What to work on → Please restate, word for word, each line from the one containing "Orange And Grey" through the end of the entries below.

Data supplied →
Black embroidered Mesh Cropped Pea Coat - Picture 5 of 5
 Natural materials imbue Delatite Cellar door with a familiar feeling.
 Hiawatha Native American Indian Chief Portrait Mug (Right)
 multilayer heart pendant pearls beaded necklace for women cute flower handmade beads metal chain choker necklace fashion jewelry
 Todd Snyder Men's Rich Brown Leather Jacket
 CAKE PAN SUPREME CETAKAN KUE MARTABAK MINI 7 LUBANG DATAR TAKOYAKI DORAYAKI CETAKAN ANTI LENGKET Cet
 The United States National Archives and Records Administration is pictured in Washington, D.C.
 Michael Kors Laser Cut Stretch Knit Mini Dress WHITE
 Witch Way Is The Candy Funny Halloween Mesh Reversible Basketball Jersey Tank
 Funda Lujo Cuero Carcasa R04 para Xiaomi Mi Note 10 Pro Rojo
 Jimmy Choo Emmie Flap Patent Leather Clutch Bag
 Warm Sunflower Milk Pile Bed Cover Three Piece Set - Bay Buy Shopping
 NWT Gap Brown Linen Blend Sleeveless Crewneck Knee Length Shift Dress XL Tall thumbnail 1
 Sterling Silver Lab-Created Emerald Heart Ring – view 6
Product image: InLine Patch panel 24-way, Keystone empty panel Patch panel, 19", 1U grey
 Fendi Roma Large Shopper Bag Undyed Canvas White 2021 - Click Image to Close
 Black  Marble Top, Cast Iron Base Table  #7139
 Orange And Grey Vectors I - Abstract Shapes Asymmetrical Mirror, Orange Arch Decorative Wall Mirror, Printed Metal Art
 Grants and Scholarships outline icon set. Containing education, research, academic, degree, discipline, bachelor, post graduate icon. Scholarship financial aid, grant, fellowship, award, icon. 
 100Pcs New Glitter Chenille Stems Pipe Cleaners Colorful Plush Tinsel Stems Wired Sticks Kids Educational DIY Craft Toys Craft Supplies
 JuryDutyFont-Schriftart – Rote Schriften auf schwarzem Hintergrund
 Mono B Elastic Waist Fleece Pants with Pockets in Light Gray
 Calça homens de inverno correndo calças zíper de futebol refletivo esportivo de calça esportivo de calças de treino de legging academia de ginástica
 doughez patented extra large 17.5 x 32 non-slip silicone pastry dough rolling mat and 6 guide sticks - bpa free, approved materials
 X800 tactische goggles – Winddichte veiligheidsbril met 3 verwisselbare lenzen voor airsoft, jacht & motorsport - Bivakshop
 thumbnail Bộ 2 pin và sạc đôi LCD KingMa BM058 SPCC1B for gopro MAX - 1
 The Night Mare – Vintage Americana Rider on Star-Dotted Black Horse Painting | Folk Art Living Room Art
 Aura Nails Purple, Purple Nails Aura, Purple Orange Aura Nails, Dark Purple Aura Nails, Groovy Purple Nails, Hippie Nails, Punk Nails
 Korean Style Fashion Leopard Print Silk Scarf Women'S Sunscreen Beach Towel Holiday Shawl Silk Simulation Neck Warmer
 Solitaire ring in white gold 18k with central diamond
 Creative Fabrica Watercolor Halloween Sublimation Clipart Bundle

Exercise output →
 Orange And Grey Vectors I - Abstract Shapes Asymmetrical Mirror, Orange Arch Decorative Wall Mirror, Printed Metal Art
 Grants and Scholarships outline icon set. Containing education, research, academic, degree, discipline, bachelor, post graduate icon. Scholarship financial aid, grant, fellowship, award, icon. 
 100Pcs New Glitter Chenille Stems Pipe Cleaners Colorful Plush Tinsel Stems Wired Sticks Kids Educational DIY Craft Toys Craft Supplies
 JuryDutyFont-Schriftart – Rote Schriften auf schwarzem Hintergrund
 Mono B Elastic Waist Fleece Pants with Pockets in Light Gray
 Calça homens de inverno correndo calças zíper de futebol refletivo esportivo de calça esportivo de calças de treino de legging academia de ginástica
 doughez patented extra large 17.5 x 32 non-slip silicone pastry dough rolling mat and 6 guide sticks - bpa free, approved materials
 X800 tactische goggles – Winddichte veiligheidsbril met 3 verwisselbare lenzen voor airsoft, jacht & motorsport - Bivakshop
 thumbnail Bộ 2 pin và sạc đôi LCD KingMa BM058 SPCC1B for gopro MAX - 1
 The Night Mare – Vintage Americana Rider on Star-Dotted Black Horse Painting | Folk Art Living Room Art
 Aura Nails Purple, Purple Nails Aura, Purple Orange Aura Nails, Dark Purple Aura Nails, Groovy Purple Nails, Hippie Nails, Punk Nails
 Korean Style Fashion Leopard Print Silk Scarf Women'S Sunscreen Beach Towel Holiday Shawl Silk Simulation Neck Warmer
 Solitaire ring in white gold 18k with central diamond
 Creative Fabrica Watercolor Halloween Sublimation Clipart Bundle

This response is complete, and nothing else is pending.